China condemned Taiwan president's bid for independence

China condemned Taiwan's President Lai Ching-te for "hell-bent on independence".

Earlier on October 10, Lai said during Taiwan's national holiday that he would oppose any attempt by Beijing to annex the island, AFP reported.

"Lai's speech reveals his hell-bent stance on Taiwan's independence and his sinister intention to escalate tensions in the Taiwan Strait for political interests," Chinese Foreign Ministry spokesman Mao Ning said.

China has not ruled out using force to bring the democratic island under its control, which Lai and his government oppose.
"Taiwan has never been a state and can never become one, so there is no so-called 'sovereignty,'" Mao said.

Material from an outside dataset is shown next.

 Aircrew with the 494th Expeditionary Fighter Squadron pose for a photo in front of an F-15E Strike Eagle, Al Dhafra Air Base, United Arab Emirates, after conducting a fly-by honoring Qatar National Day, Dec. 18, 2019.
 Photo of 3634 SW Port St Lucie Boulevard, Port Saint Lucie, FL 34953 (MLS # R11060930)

She added that Lai's comments "arbitrarily break the historical link between the two sides of the Taiwan Strait" and use "all kinds of tactics to spread the fantasy of Taiwan's independence."

In his speech, Lai pledged to defend the island's "national sovereignty."

But he also said that Taipei's efforts to maintain the "status quo of peace and stability in the Taiwan Strait remain unchanged."

Beijing has stepped up pressure on Taiwan to accept its territorial claims and relations have remained strained under Lai, who took office in May.

A senior U.S. administration official said China could use the National Day celebration "as a pretext" for military exercises.
China maintains an almost daily military presence around Taiwan and has held three rounds of large-scale war games in the past two years, deploying aircraft and ships to encircle the island.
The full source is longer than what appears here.